LUX 211 - Shell Programming

Lesson 8: Chapter 14, AWK (a little more)


This lesson continues the discussion of the use of AWK. Objectives important to this lesson:

  1. Math operators
  2. Control structures
  3. Builtin variables
  4. Using BEGIN and END
  5. Running an awk program from a file
Chapter 14, continued

What else can we look into about awk?

We should revisit the structure of an awk program briefly. You should know that the command to run an awk program begins with awk (or gawk...) to invoke the awk interpreter. Without this command, the shell would not understand the program. The typical command continues with a pattern to match, a program to run with matches, and a file (or files) from which to get the data.

Not all programs are short. Long ones are typically saved in their own files. Most of a program is run against every match, but our text explains that programs can include two special sections that are run separately. The BEGIN section is run before any data lines are processed, and the END section is run after all of the data lines have been processed. The section between BEGIN and END does not have a name, but if it had one, that name would be MAIN. This is the section of code that is run for every data line. This gives you the opportunity to write three programs that can run consecutively.

Let's take a look at some of the math operators on page 625. Some will look unfamiliar:

  • **
    The double star operator is used with exponents in gawk. Whatever is on its left is raised to the power of whatever is on its right. This operator does not work in some other awk versions. Be aware that you can use the caret (^) operator instead. On page 628, the author gives us two examples of running some code in the BEGIN section of his program. It is too bad that the code he wrote could never produce the output printed in the text.
  • %
    The percent sign is the modulus operator. An illustration will help you understand it:
    27 % 5
    means put 5 into 27 as many times as it will go, then report the remainder, the part that is left over, which is 2 in this case. This is good for converting measurements and money. For instance, you can take a number then do a modulus operation on it with various values of currency to figure out how to make change.
  • ++ and --
    We have already seen the incrementation and decrementation operators. The definitions on that page are a little off. Remember that they can be used as prefix or postfix operators.
  • += -= *= /= %=
    Consider the first of these operators in an example: total+=25 means to add 25 to the current value of the variable called total, then assign the answer to that variable. Each of the operators of this type means to perform a similar process, just using the particular math process defined by its first character. You can have a variable or an expression on both sides of these operators, but you must have a variable on the left, since that is the operand that will be redefined by the operation.

There is a discussion of loops and other control structures on pages 627 through 628. Some of the characteristics of control structures in awk are the same as the ones you already know in the shell, but there are some awk differences:

  • In an if...then structure (or a loop), the conditional test goes inside parentheses, not square brackets.
  • Simple, one-line instructions in such structures do not need to be enclosed by curly braces.
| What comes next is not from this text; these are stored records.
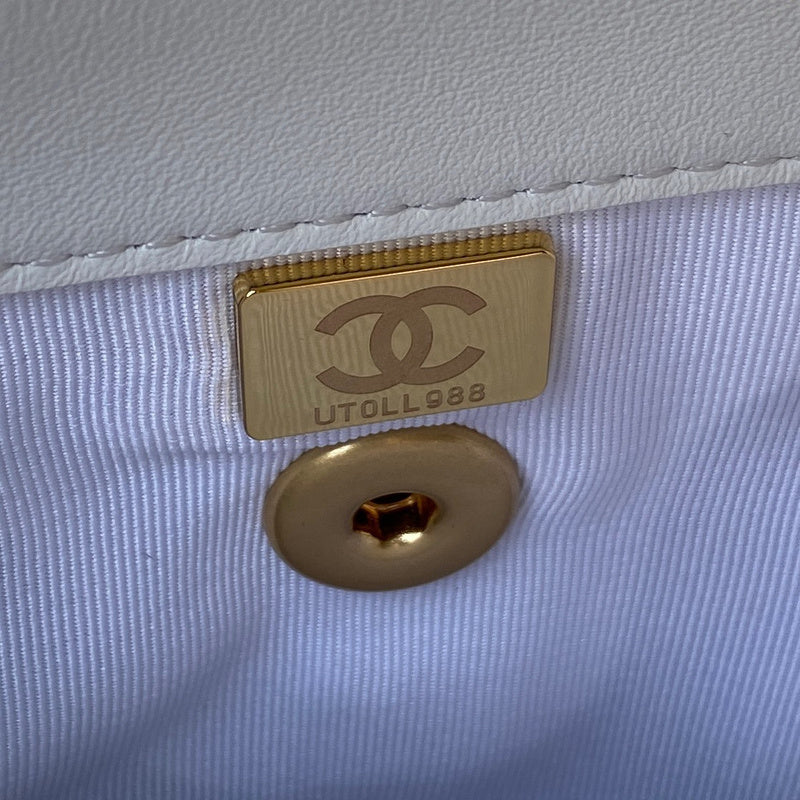 Satchel Bags - CHL Bags - 7645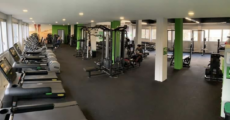 Liberty GYM Brunstatt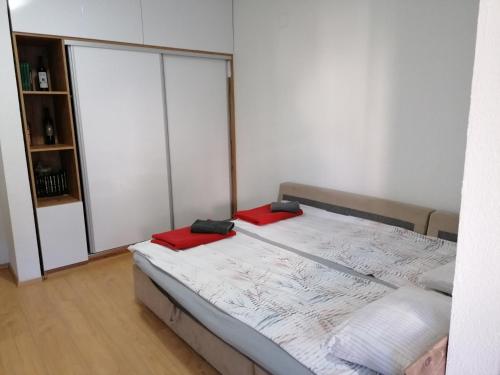 Imagine din galeria proprietății Nomce room în Ohrid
Curly braces are still needed for loops and instructions that have more than one command in their body.
  • The for loop control structure we discussed in class last time is the best way to use a for loop. Here is an example: for (x=1; x -le 10; x++). It places initialization, conditional testing, and incrementation in one location, making maintenance easier and more elegant.
  • When printing in awk, remember that $n arguments are positional variables that stand for fields in records, and that awk thinks every line of text is a record.

Last time I mentioned that awk has several builtin variables, which can be redefined, but they are more useful if you don't redefine them. Take a look at the builtin variable article at I was thinking about an exercise in which you would process each field separately, but do it in a loop. That should be no trouble at all if you use the NF variable, which knows the number of fields in the current record. This would allow the loop to customize its cutoff value for each record, while using the same code for every record. That should allow you to process any record/line in any file, regardless of the length of the next record being different from the last. This will also suggest to you that you should take this approach in programming: simple, effective, flexible, reusable code is better than something that has to be rewritten for every new collection of data.
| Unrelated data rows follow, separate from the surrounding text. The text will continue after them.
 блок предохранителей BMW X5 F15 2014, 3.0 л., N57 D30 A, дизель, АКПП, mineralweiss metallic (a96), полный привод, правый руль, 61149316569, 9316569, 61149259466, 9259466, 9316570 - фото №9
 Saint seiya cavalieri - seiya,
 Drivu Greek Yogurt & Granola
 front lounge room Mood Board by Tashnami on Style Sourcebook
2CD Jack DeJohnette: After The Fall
We are in need of some more material about awk, so I have a gift for you. If you follow this link, you will find a pdf of a text about awk, made available by the I am also placing a copy of it in the items for this lesson on Blackboard. Awk is worth more than one chapter in a book, so here is a copy of a good book about it.

Some of the examples in the text are a bit complex, so let's consider a few more instructive ones. Assume we have a table of data that holds numbers in field 6. (I mention that this is a table to imply a reliable shape to the file.) Can you write an awk command to compute the sum of all the values in that column? The only problem is one of housekeeping.

This problem requires that we use an accumulator, a variable to which we will add each of the items in column 6. Let's call it total. Ideally, we want to start with an accumulator equal to 0, but if we include total=0 in the body of the awk command, we will reset it for each row, which we don't want to do. If this was an ordinary shell script, we would just initialize the variable outside the loop. Luckily, the awk language lets us use a BEGIN section that runs once, before the lines in the data are processed. The command could look like this:

awk 'BEGIN {total=0} {total=total+$6} END {print "Total of column 6:", total}'

I added an END section as well, which is processed only one time, to output the answer. You might have printed the running value of total as each line was processed instead, maybe printing the line number ($NR) along with it. You may be thinking that I have a loop that never loops here, but that is not so. The nature of an awk program is that the body is processed once for each record, or, if there is a pattern, once for each record that matches the pattern.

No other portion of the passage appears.